I hold no brief for the established Kurdish parties, and I have a great personal affection for Turkey. However if the AK government in Istanbul caves in to the ultranationalist fools who seem to have taken control of the historically Kemalist army, then I say bring it on. Kurdistan Democratic Party leader Massoud Barzani (son of the Kurdish King Arthur, Mullah Mustafa Barzani) has already threatened to call for an uprising across the south east of Turkey. The result of such a call would destroy the Turkish state. As simple as that. The firestorm would be something unlike that nation has ever experienced, even during the most explosive days of the PKK insurgency of the 1990s. And it will be deserved.

Biji Kurdistan.


  1. Simon B said,

    Good post Volty.

    I think that to those whose politics aren’t defined by opposing the great satan, this is much clearer cut than the US/UK invasion of Iraq.

    This is a clear imperialist/oppressed people dispute.

    The left should be far clearer about supporting Kurdish self-determination across the existing states of Iran, Iraq and Turkey.

  2. dksu said,

    I agree, the Kurds have been at the end of a ruthless oppression for a long, long time, and deserve a state.

    However, I think what some on the left find a little unnerving (myself included) is that the U.S. is working so closely with the Kurdish-Iraqi politicians. Not that this is in ANY way an argument against Kurdish autonomy!

    What’s the popularity of the PKK like amongst Iraqi and Turkish Kurds? I think they’re a bit of a quasi-Maoist type group, aren’t they? It will be interesting to see what happens in Kurdish Iraq between the different Kurdish political groups if the PKK establishes itself as a force there…

  3. bastard.logic said,

    Monday Blogwhoring

    by matttbastard
    Love endures forever, like a candy apple grey cockroach waiting for the end of a nuclear winter.
    (Bow down to the Queen Cunt of Fuck Mountain, brethren.)
    Baghdad Burning: Bloggers Without Borders… (h/t Michael van der Galiën)

  4. Igor Belanov said,

    Yes, but the Kurds already have a de facto state in Northern Iraq. I would have thought that in the present geopolitical situation it was best for them not to antagonise their rather powerful neighbour by attacking it’s territory. (And I know ‘in theory’ it’s part of ‘Kurdistan’)

  5. voltaires_priest said,

    Well, no, not “in theory”. The vast majority of people actually living in that region are Kurdish. I just can’t imagine people being so mealy mouthed about the Palestinians (whom we the “left” support re-occupying areas where they don’t currently live, because of the historical injustice that did them out of it, remember?).

  6. Igor Belanov said,

    I don’t support the automatic right of each ‘nation’ to it’s own state, so I’m not making a special case for any group.

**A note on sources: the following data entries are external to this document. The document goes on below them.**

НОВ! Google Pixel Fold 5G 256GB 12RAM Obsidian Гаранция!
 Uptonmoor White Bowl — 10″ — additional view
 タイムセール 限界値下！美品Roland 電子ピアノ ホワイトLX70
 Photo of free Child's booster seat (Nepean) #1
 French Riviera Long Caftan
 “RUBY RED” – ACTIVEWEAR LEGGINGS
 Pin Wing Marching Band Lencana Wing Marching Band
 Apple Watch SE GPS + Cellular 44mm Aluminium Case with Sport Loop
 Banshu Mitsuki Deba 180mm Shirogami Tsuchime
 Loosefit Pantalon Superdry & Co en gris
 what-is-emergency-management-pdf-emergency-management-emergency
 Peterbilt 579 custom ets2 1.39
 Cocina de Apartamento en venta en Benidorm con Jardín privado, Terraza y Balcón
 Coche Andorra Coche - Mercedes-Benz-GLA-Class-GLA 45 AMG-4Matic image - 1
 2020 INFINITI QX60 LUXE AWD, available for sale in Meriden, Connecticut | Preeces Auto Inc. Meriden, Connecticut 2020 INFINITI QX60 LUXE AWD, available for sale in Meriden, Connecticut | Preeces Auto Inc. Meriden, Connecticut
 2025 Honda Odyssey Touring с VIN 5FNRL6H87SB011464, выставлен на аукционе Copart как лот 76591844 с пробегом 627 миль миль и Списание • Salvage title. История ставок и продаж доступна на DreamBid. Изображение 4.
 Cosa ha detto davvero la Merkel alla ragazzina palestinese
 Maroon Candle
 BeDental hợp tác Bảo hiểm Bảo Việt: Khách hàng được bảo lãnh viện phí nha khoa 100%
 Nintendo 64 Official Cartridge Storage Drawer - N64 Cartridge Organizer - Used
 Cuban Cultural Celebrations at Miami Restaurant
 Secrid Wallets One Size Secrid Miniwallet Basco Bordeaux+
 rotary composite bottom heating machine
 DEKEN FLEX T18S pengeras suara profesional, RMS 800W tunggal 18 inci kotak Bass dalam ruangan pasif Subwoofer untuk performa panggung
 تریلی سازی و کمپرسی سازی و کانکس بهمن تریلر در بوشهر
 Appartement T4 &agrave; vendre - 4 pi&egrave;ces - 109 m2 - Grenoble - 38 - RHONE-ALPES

    I do think the Kurds have some strong grievances, but I don’t think it’s wise to give carte blanche to nationalist adventurers who might well provoke more conflict in that region. This could only be bad for the Kurdish people in the short term.

  7. voltaires_priest said,

    Uh-huh. Bet you agree with the same rights for (say) the Palestinians, and you don’t castigate them for bringing trouble on themselves by resisting Israel though, right?

  8. mert said,

    This is an unlegal society,and this society only works for themselves TURKEY is the biggest country and national and in history turks were living with other nations very calmly for example; Fatih Sultan Mehmet (who was the fall down constantinapol,founder of İstanbul) didn’t hurt orthodox people who was living in there.And he had always support their regional independences (he didn’t close hagia sophia cathedral).And now how can You say about independence,all ethnical group who living in turkey has got an rights like an turkish and if you still talikng about your rights your are probably don’t calmly..

  9. Henrik said,

    I’m a supporter of the Jews and Kurds struggle for independence in the middle east.

    Like a kurd so accuratly wrote:
    “We cannot expect from arabs, turks or iranians to have freedom or equal rights, so we will instead govern and defend our selves.”

    This is also exactly my reason for supporting a jewish state(Israel), and supporting the Maronites of Lebanon.